Sözcü Kalın şöyle devam etti:

"ABD'nin Türkiye konusunda yaptırım dilini kullanması geri tepecek bir  yaklaşımdır. Bizim ABD ile birçok alanda önemli iş birliklerimiz var. Bu tür bir  yaptırım dili ikili ilişkilerimize zarar vermektedir. Biz hem Astana hem de  Cenevre süreçlerinin parçasıyız. DEAŞ'a karşı verilen mücadelede çok önemli bir  rol oynadık, oynuyoruz. İdlib'de durumun kontrol altında olmasında kritik rolümüz  var. Bazı farklılıklarımız olsa da Suriye'deki siyasi çözüm konusunda ABD ile  aynı sayfadayız. Bu süreçte ABD Başkanı Donald Trump da iki ülke arasında 75  milyar dolarlık bir ticaret hedefine ulaşılabileceğini söyledi. Fakat bu tehdit  ve yaptırım dilini sürdürürseniz bu amaçlara nasıl ulaşılabilir?"

"Cumhurbaşkanımız ABD ile iyi, güçlü ve verimli bir ilişkiye  inanıyor"

Kalın, "Tüm bunların yanında Cumhurbaşkanımız hala ABD ile iyi, güçlü  ve verimli bir ilişkiye inanıyor. Bu nedenle Başkan (Donald) Trump ile kişisel  ilişkilerimize değer veriyoruz. Washington'daki diğer karar vericiler ve  uygulayıcıların da buradaki büyük resmi görebileceklerine inanıyorum. ABD'nin  dost ve müttefik olarak Türkiye'yi kaybetmeyi göze alabileceğine inanmıyorum."  diye konuştu.

ABD ile Türkiye arasında geçmişte inişli çıkışlı dönemler yaşandığına  işaret eden Kalın, "Ancak şimdi, ilişkimize atfedilen tüm kaos ve umutsuzluk göz  önüne alındığında daha fazla pozitif değerlere dayalı bir ilişkiye ihtiyacımız  olduğuna inanıyorum." dedi.

"Türkiye-Rusya ilişkisi, üçüncü bir ülkeye tehdit değil"

Kalın, Türkiye ile Rusya arasındaki ilişkilerin boyutuna dair,  "Türkiye-Rusya ilişkisi, üçüncü bir ülkeye hiçbir şekilde tehdit niyeti  taşımamaktadır. Rusya, bölgemizdeki önemli bir ortaktır ve birçok konuda bölgesel  iş birlikleri yapıyoruz.
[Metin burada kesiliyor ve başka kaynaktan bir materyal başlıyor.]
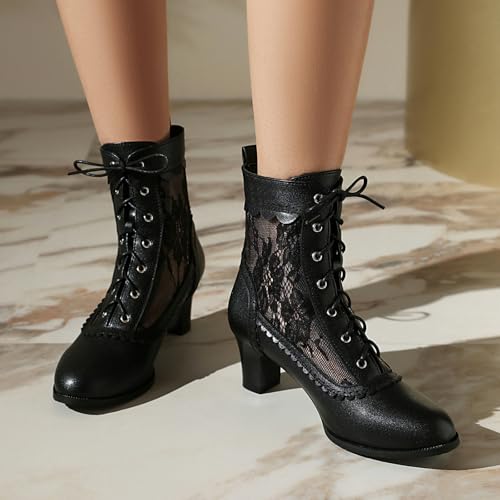 Uniquelly Women Vintage Victorian Boots Lace Up Ankle Boots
Fakat biz NATO müttefiki bir ülkeyiz ve ABD ile ve NATO  ile stratejik ortaklığımıza çok değer veriyoruz." değerlendirmesini yaptı.
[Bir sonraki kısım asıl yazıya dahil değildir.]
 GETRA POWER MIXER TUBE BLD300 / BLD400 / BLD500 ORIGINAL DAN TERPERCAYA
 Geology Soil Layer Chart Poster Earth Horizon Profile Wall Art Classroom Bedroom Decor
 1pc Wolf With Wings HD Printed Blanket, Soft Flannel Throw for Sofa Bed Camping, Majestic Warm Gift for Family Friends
Türkiye'nin hala toplam ticaret hacminin yarısının AB ülkeleriyle  olduğunu kaydeden Kalın, Türkiye'nin özellikle savunma alanında NATO ülkeleriyle  çok yakın iş birlikleri içinde olduğunu ve ABD'nin ilk sırada yer aldığını  belirtti.
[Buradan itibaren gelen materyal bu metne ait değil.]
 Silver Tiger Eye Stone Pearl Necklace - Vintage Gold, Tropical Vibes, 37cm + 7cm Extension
"Türkiye'nin dışlanması tüm projeye zarar verir"

F-35 konusundaki sürece de temas eden Kalın, "Türkiye'nin F-35  projesinden dışlanması Türkiye'nin cezalandırılması değil, tüm projenin zarar  görmesi demektir." dedi.

Türk-Amerikan ilişkilerinde iniş-çıkışların her zaman olduğunu  kaydeden Kalın, mevcut sorunların ortak değerler ve güven etrafında samimiyetle  konuşularak halledilebileceğine inandığını belirtti.

"Obama yönetimi Patriot'ları geri çekmişti"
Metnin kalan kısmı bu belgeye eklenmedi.